# [SUPPLIED INFORMATION]
---

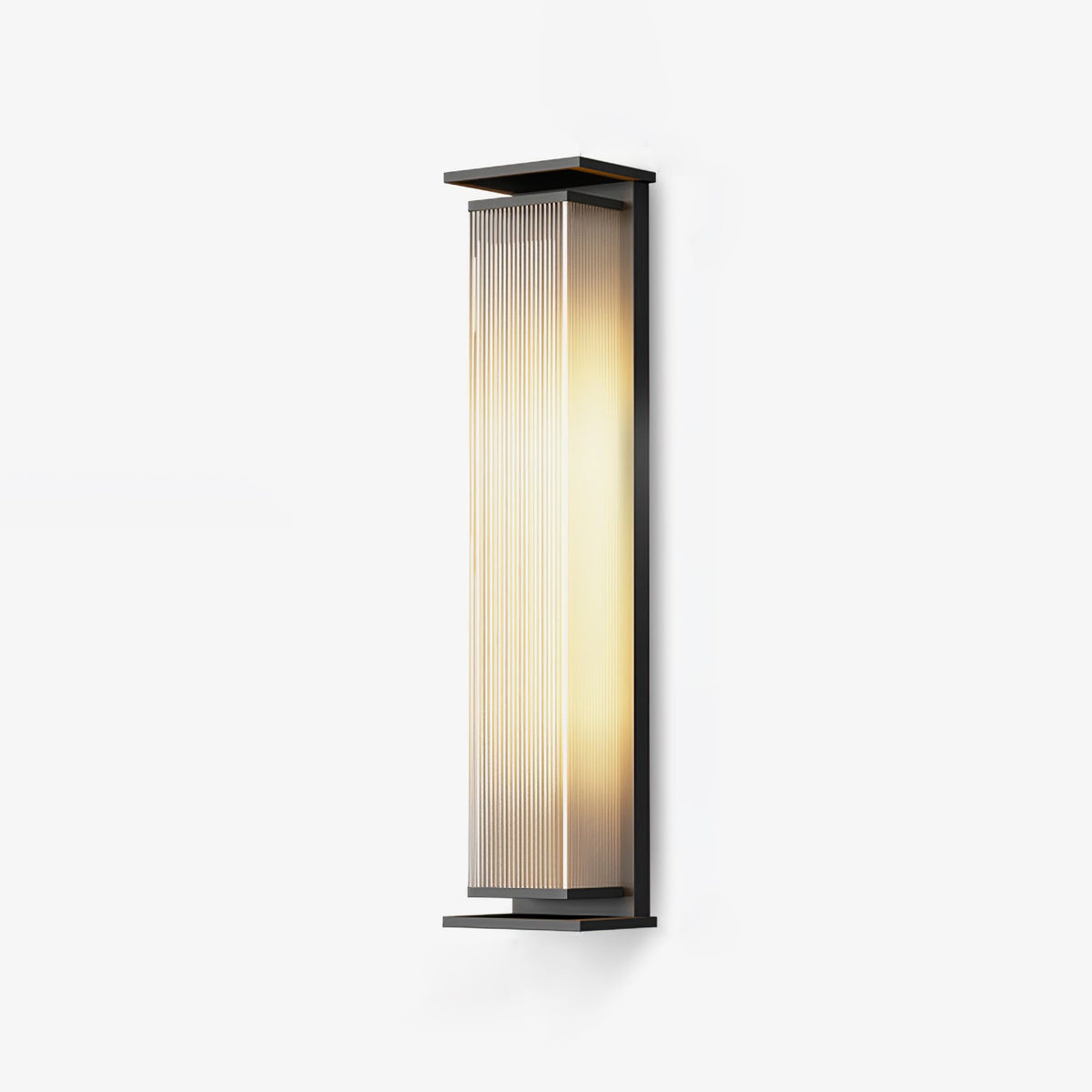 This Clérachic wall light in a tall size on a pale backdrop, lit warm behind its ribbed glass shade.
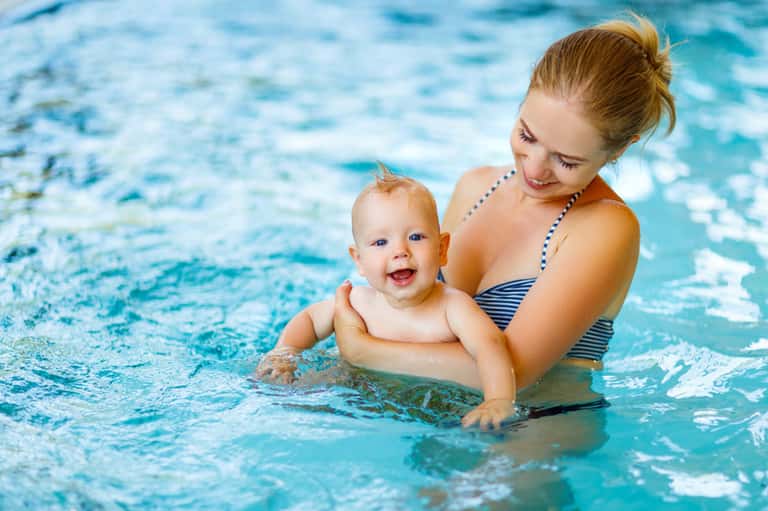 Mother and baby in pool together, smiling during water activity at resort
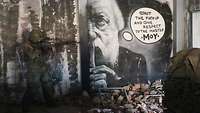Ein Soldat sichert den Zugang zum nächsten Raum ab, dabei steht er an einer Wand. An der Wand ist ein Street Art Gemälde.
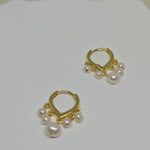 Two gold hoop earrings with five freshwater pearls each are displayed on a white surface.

---

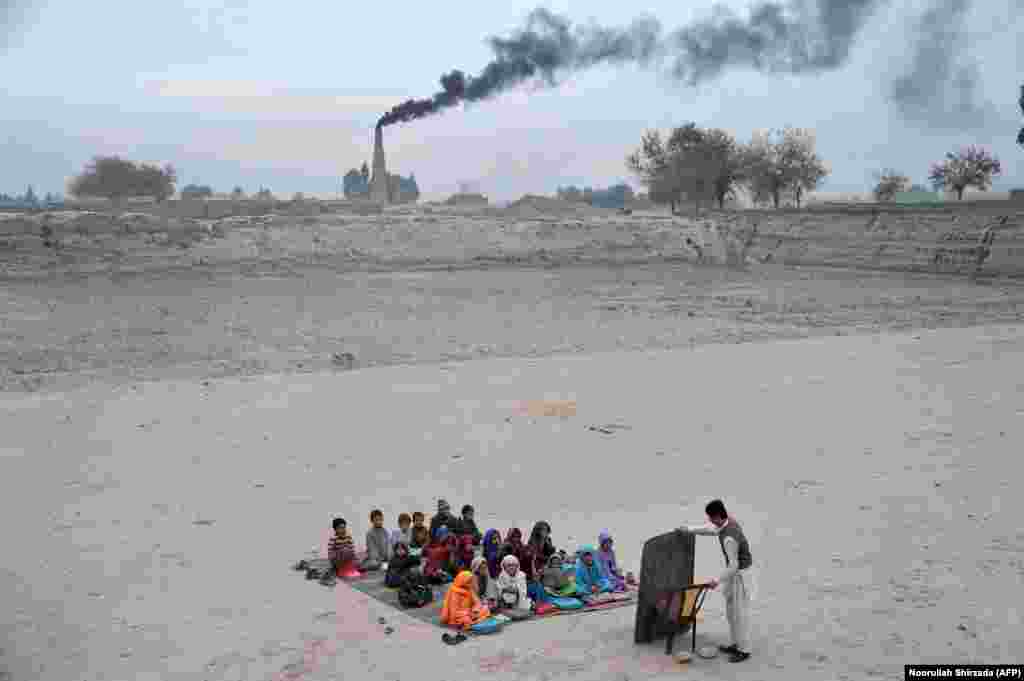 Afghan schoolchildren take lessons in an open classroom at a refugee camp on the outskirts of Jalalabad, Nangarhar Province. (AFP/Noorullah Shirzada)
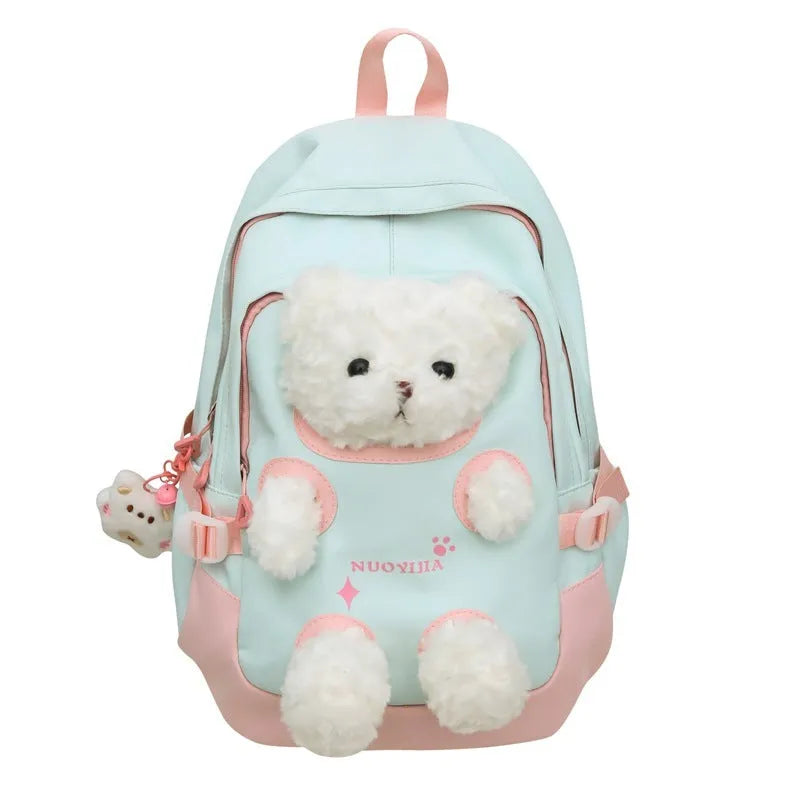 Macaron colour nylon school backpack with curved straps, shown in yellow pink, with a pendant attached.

---

# [EXERCISE PROMPT]
Copy the lines above between the one holding "This Clérachic wall" and the one holding "Two gold hoop", inclusive. Drop the pictures.

# [COMPLETED TASK]
 This Clérachic wall light in a tall size on a pale backdrop, lit warm behind its ribbed glass shade.
 Mother and baby in pool together, smiling during water activity at resort
Ein Soldat sichert den Zugang zum nächsten Raum ab, dabei steht er an einer Wand. An der Wand ist ein Street Art Gemälde.
 Two gold hoop earrings with five freshwater pearls each are displayed on a white surface.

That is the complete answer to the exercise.